IndyTalks:  Indianapolis at the Crossroads

Becoming an International Humanitarian Incubator: 
Young Professionals Working Across the Globe and Here Share Their Passions About Giving Back

Thursday, October 18, 2012
7 pm
Common Room, CTS

Emerging professionals from diverse religious, ethnic and cultural backgrounds share their passions about giving back with IndyTalks.  Please join us for this interactive discussion about fresh approaches to making a difference as we will explore how faith and upbringing have played an integral role in shaping the views and actions of our panelists. Together, we will examine the local and international impact of an evolving Indianapolis community of philanthropists. We can all benefit from a greater understanding of how these individuals working across the globe have leveraged their Indy experience to fuel their passion for giving back in many different ways.  Be a part of this exploration of how faith, values, and new forms of philanthropy are shaping how Indianapolis participates in global community. 

Panelists
 
Ming Hu , graduate student in philanthropy, IUPUI
Arishaa Khan, working with Obat Helpers, Bangladesh
Christopher Smith, Englewood Christian Church
 
Facilitator:  Aimée Laramore, Lake Institute for Faith and Giving, Center on Philanthropy, IUPUI

IndyTalks is a citywide effort to foster a sense of community through respectful and creative civic dialogue.  IndyTalks is a catalyst for you to converse, connect, and create.  Visit the IndyTalks blog at www.indytalks.info for other 2012 events as we explore Indianapolis at the Crossroads.

       

  

Co-sponsors: China Philanthropy Leadership Initiative at IUPUI, Center for Interfaith Cooperation, Lake Institute on Faith and Giving, IndyTalks
Cost: FREE & open to the public

Ming Hu is a master degree student in Philanthropic Studies at IUPUI.  A native of China, he has a masters in Agricultural Economics from Renmin University.  He has worked on issues of globalization and social change, a database of the NGOs (non-governmental organizations) in China, and done research on NGO development and fund-raising, earthquake relief, and the growth of Chinese civil society.  He has also worked for Oxfam Hong Kong.

Arishaa Khan is a development assistant with the Islamic Society of North America and has recently returned from studying abroad in Bejing. She volunteers with her family's nonprofit, OBAT Helpers, which enhances the lives of stateless people living in deplorable conditions within camps in Bangladesh. Khan holds a bachelor’s in philanthropic studies from IUPUI and plans to complete a master’s in nonprofit management at Indiana University.

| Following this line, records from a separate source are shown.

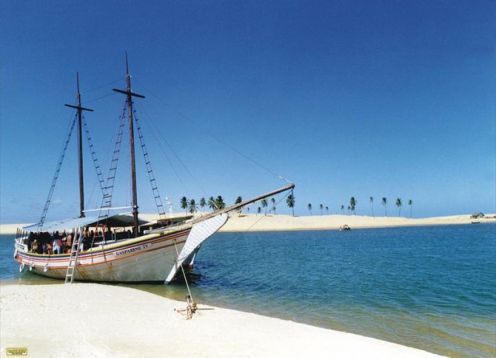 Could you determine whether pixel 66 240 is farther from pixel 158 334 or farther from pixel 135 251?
pixel 158 334

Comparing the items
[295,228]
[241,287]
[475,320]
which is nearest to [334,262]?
[241,287]

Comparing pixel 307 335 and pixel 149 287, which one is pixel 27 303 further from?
pixel 307 335

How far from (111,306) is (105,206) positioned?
45.7 feet

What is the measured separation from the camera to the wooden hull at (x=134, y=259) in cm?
2419

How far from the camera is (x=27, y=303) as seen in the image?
16.8m

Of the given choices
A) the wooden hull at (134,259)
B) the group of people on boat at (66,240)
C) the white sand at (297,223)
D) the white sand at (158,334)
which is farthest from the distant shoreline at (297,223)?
the white sand at (158,334)

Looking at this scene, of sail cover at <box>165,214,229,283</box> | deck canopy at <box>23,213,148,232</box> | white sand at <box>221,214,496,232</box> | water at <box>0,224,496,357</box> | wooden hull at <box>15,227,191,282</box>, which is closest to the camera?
water at <box>0,224,496,357</box>

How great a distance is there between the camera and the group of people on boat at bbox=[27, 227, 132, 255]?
27.6 m

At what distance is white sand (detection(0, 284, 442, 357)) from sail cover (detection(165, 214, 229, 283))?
7170 millimetres

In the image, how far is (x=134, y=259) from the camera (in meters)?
24.5

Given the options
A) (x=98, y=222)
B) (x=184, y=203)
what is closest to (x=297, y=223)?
(x=184, y=203)

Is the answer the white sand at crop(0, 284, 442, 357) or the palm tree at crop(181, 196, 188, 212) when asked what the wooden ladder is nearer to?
the white sand at crop(0, 284, 442, 357)

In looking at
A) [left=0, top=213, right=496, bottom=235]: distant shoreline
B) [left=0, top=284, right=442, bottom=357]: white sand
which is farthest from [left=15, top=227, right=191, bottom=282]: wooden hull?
[left=0, top=213, right=496, bottom=235]: distant shoreline

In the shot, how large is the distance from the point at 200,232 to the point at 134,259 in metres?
5.27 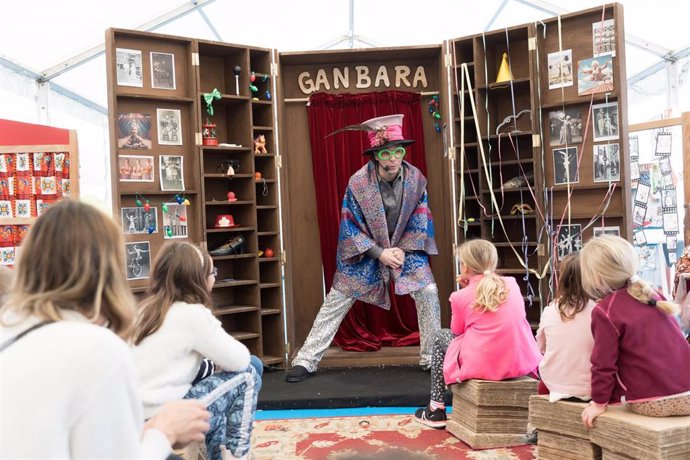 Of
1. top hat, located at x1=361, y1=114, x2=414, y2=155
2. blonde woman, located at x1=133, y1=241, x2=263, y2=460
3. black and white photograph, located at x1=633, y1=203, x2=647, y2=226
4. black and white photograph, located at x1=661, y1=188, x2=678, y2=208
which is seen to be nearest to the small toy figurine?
top hat, located at x1=361, y1=114, x2=414, y2=155

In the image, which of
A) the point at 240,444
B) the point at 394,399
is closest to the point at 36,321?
the point at 240,444

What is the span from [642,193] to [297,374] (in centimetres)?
276

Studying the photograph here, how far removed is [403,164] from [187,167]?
1504mm

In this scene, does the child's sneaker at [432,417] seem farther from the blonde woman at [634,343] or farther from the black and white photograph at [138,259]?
the black and white photograph at [138,259]

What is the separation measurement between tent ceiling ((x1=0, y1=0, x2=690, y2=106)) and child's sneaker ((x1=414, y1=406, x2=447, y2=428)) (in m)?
4.72

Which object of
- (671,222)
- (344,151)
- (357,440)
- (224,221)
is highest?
(344,151)

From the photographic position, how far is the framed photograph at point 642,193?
510cm

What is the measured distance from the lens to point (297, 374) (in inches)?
185

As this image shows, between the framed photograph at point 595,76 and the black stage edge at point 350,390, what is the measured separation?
7.05 feet

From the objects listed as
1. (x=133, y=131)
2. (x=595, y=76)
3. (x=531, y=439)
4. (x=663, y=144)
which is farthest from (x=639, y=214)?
(x=133, y=131)

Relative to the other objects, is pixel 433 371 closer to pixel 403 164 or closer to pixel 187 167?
pixel 403 164

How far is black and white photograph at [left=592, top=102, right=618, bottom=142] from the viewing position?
182 inches

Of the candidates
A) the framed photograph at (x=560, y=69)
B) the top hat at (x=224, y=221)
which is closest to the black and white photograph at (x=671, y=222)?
the framed photograph at (x=560, y=69)

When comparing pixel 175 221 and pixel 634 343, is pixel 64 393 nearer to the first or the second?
pixel 634 343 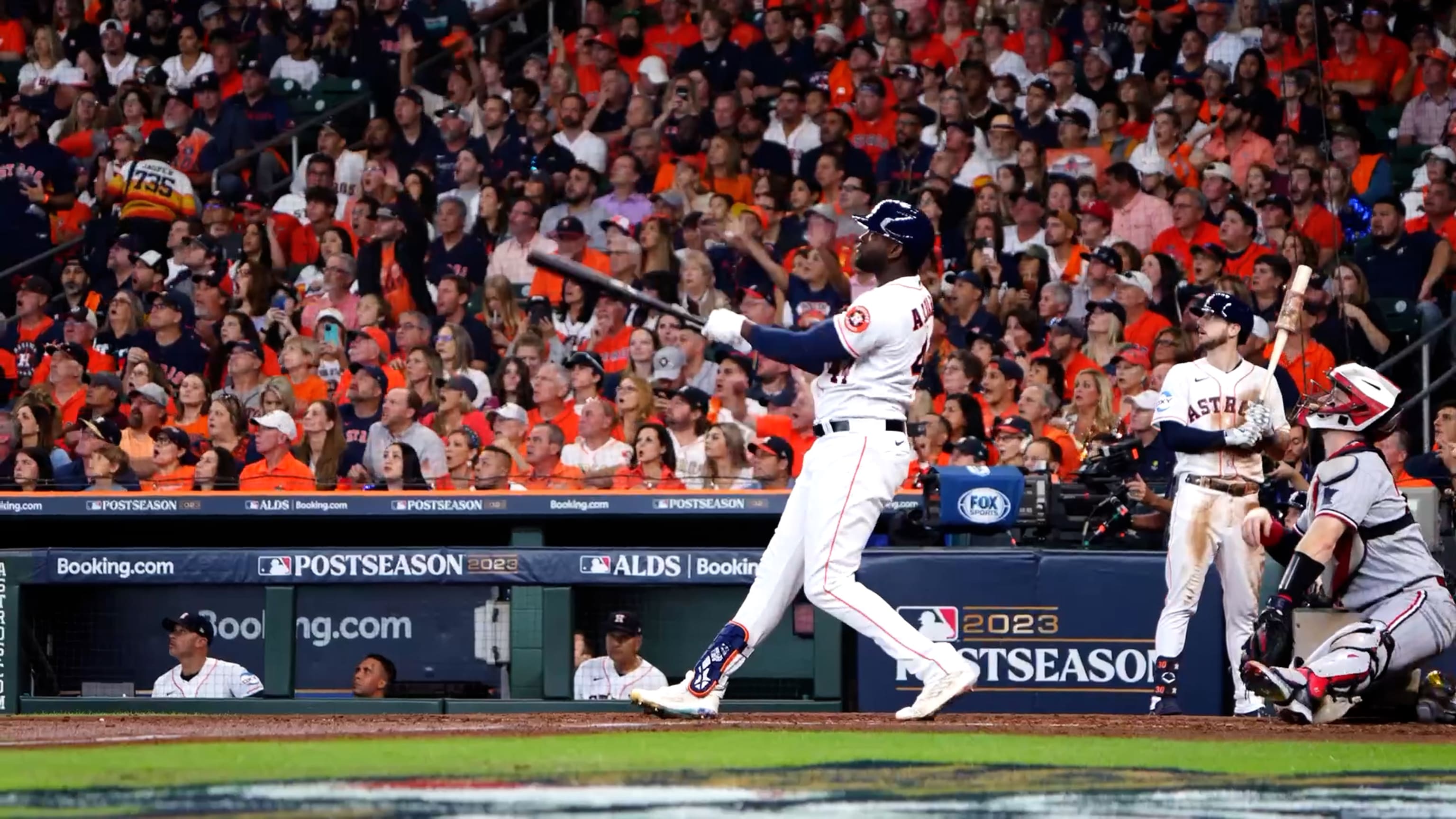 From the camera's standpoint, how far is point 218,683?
9672mm

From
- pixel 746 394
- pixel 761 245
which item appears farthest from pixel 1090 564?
pixel 761 245

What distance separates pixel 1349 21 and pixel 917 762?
33.2 ft

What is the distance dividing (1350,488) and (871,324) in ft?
6.66

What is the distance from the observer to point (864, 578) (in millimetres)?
9328

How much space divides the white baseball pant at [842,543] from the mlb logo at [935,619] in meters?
2.37

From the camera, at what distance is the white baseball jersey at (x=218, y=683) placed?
31.7 ft

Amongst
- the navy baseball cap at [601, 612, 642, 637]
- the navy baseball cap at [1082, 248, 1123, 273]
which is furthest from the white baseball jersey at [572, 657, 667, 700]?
the navy baseball cap at [1082, 248, 1123, 273]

Aimée A. Laramore is associate director of the Lake Institute on Faith and Giving at the Center on Philanthropy of IUPUI.  A graduate of Purdue University, Laramore also has an MBA and works to fuse innovative organizational development approaches with established business practices.  Along with her work with the Lake Institute, she leads Youth Ministries at New Horizons Church and is a board member of Emerging Pearls Foundation.

C.Christopher Smith is an active member of Englewood Christian Church on the Near Eastside of Indianapolis, which has been widely recognized for its innovative work in community and economic development. Smith is the founding editor of The Englewood Review of Books (EnglewoodReview.org) and co-author of the forthcoming Slow Church from IVP Books.  He blogs for the Patheos interfaith portal at SlowChurch.com.